→ **What to do**:
Copy out the full listing below as it stands, with its pictures left behind.

→ **Supplied information**:

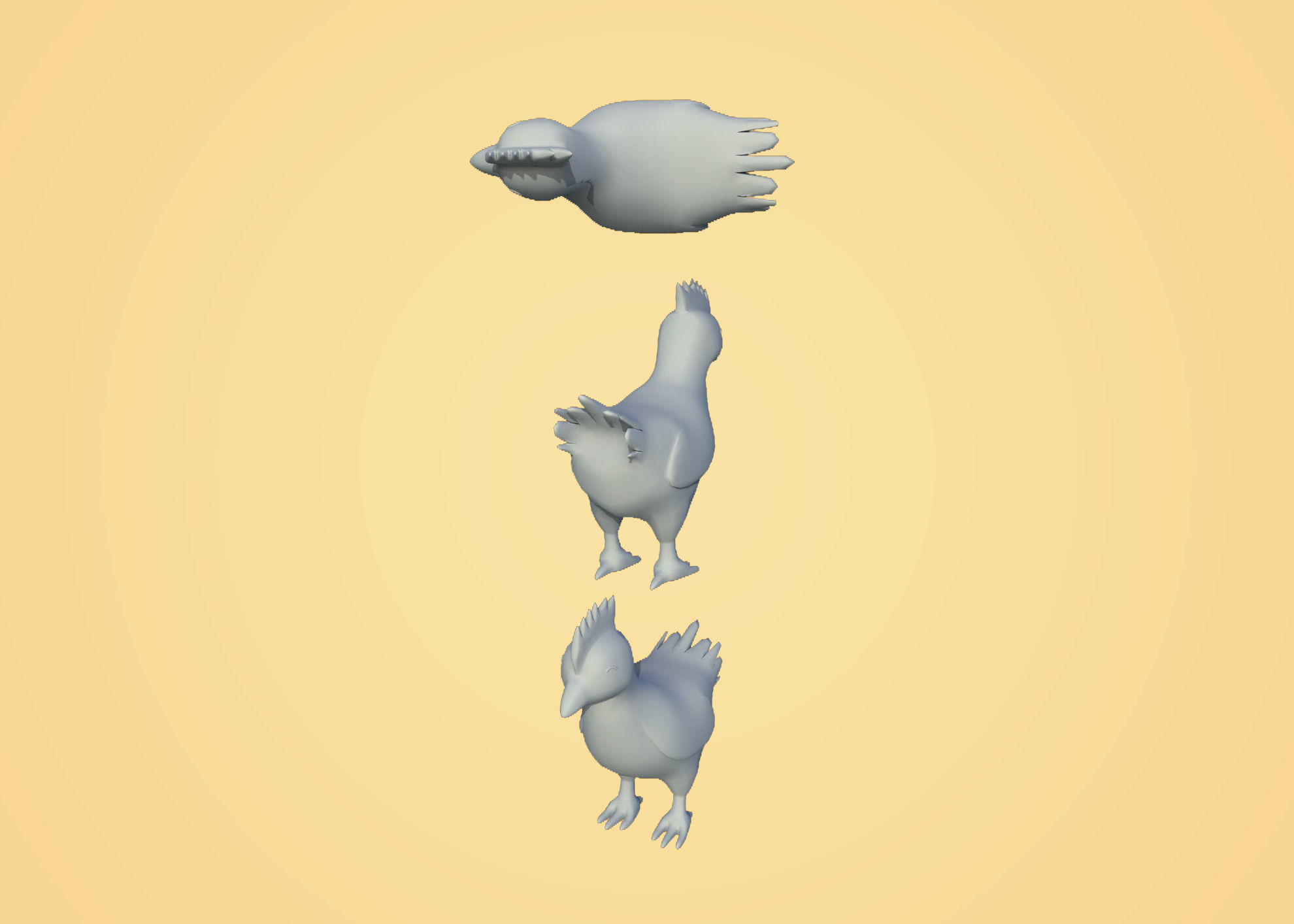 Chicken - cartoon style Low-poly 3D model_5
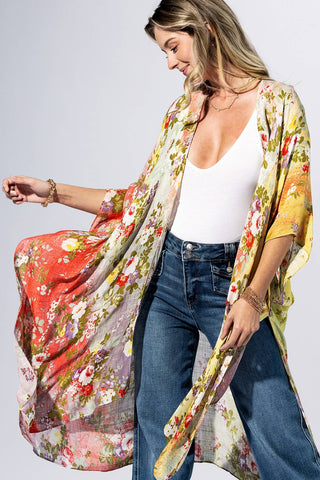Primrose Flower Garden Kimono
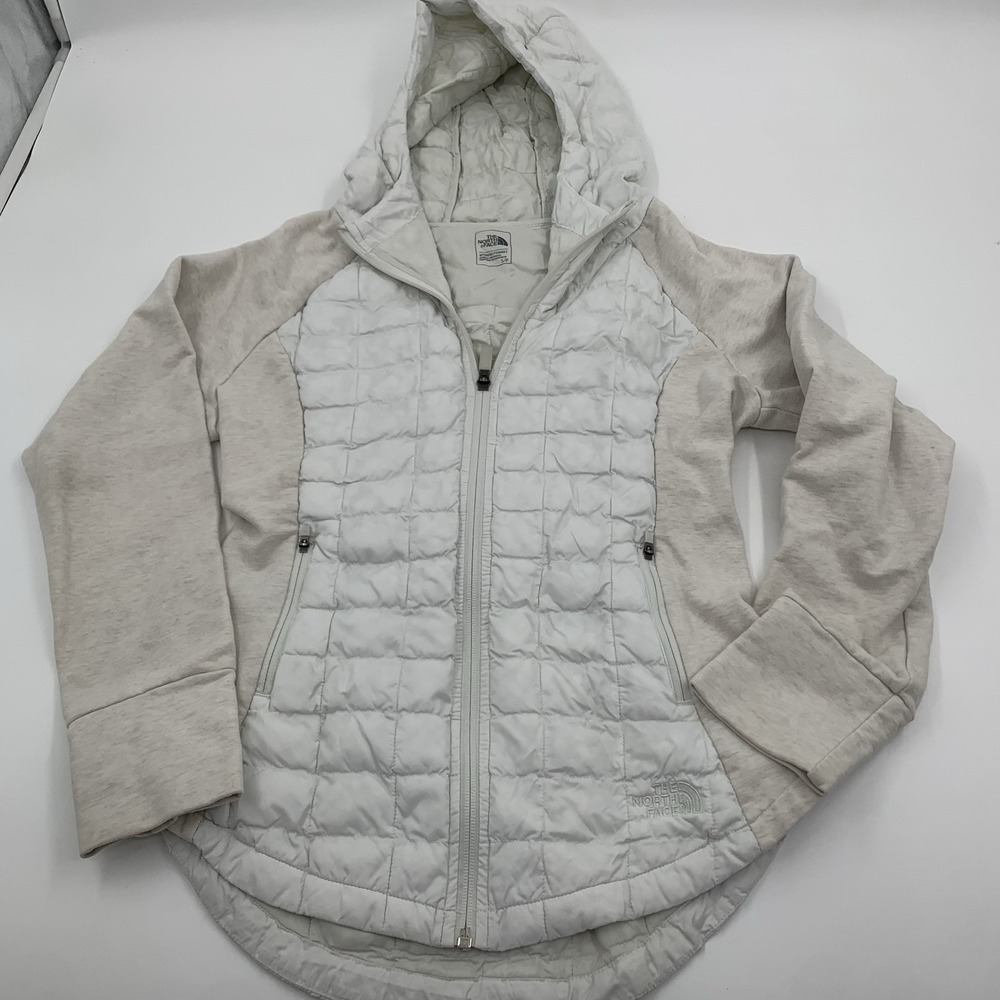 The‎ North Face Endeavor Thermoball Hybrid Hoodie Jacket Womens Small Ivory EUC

→ **Written response**:
 Chicken - cartoon style Low-poly 3D model_5
Primrose Flower Garden Kimono
 The‎ North Face Endeavor Thermoball Hybrid Hoodie Jacket Womens Small Ivory EUC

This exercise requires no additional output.